Problem details
Beneath this line sits some data. Return only its lines from the one holding "2012 Mazda Mazda2" through the one holding "Produktbild: Welcome to Dinosaur School", inclusive, exactly, with the images removed.

Extracted entries
------------------------------

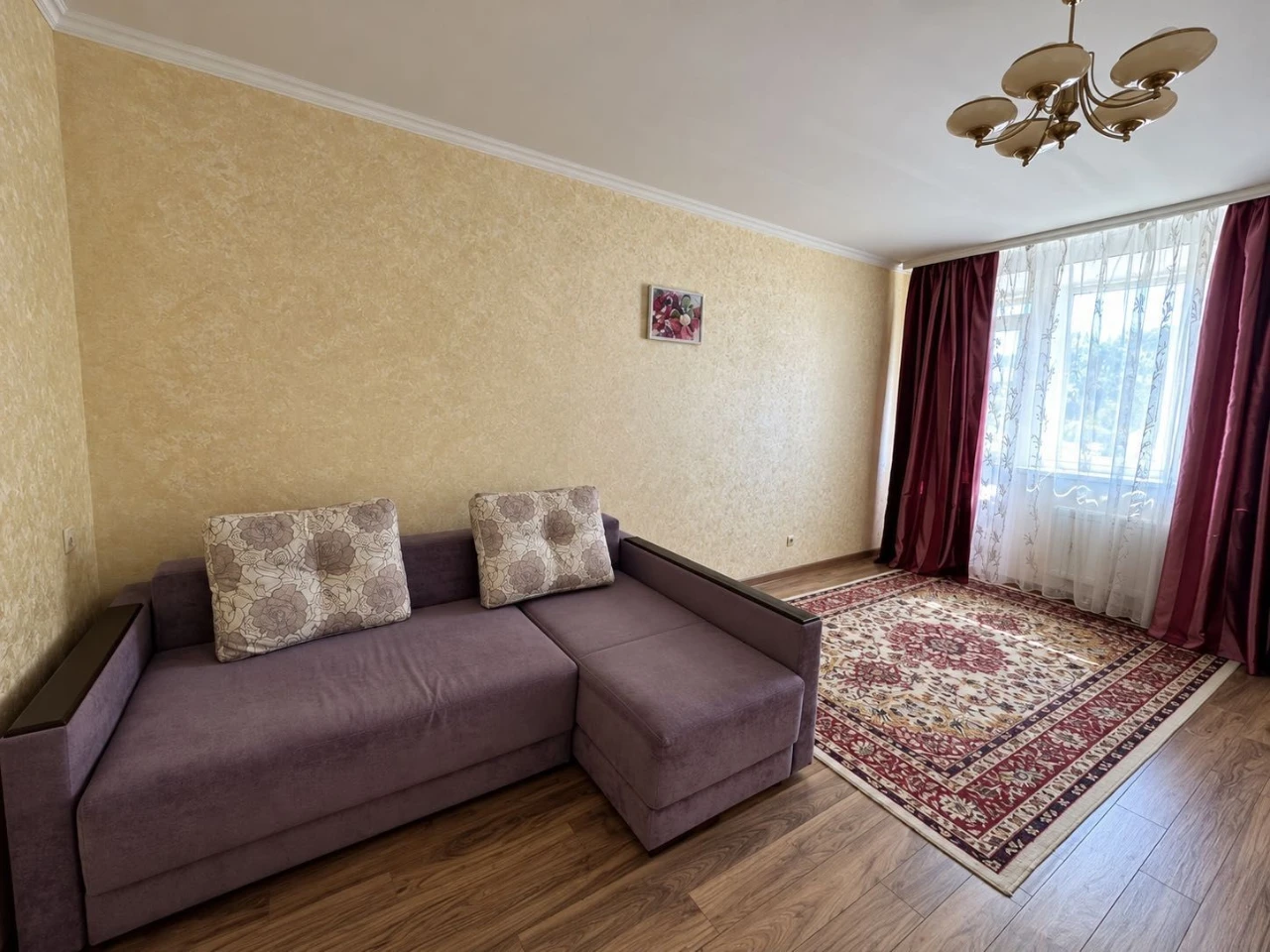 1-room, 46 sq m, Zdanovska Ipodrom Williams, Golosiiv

------------------------------

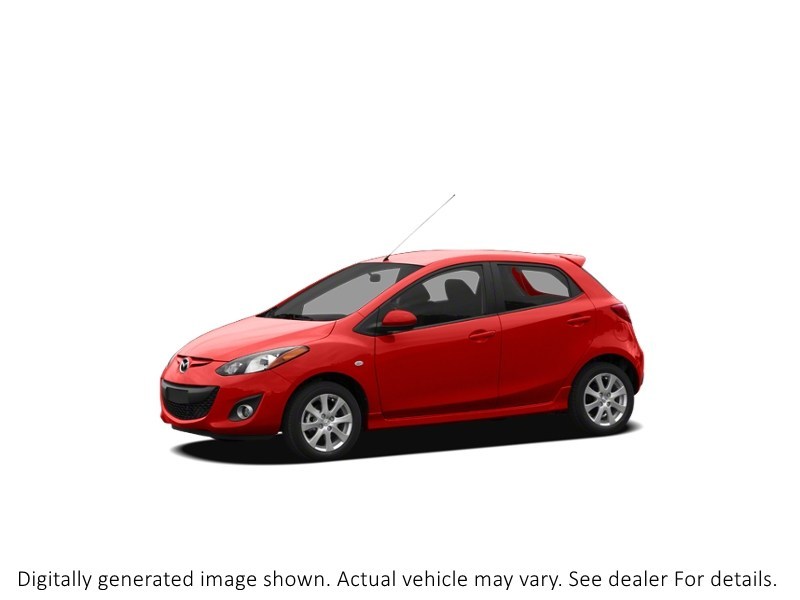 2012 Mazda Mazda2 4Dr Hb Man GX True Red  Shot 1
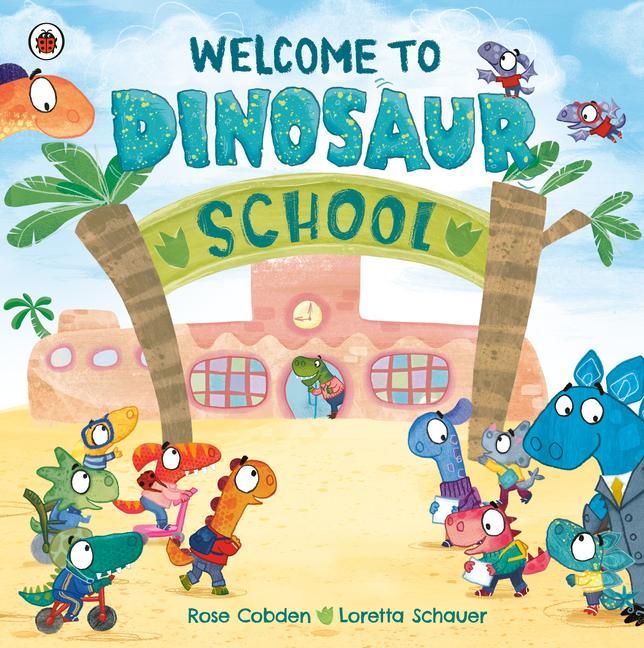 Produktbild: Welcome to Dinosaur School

------------------------------

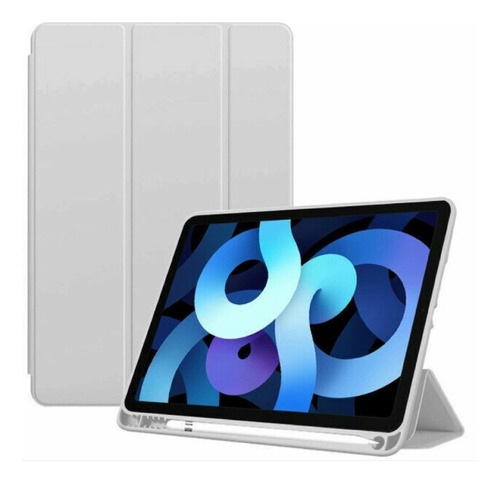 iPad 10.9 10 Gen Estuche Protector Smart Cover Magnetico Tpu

------------------------------

Response
 2012 Mazda Mazda2 4Dr Hb Man GX True Red  Shot 1
 Produktbild: Welcome to Dinosaur School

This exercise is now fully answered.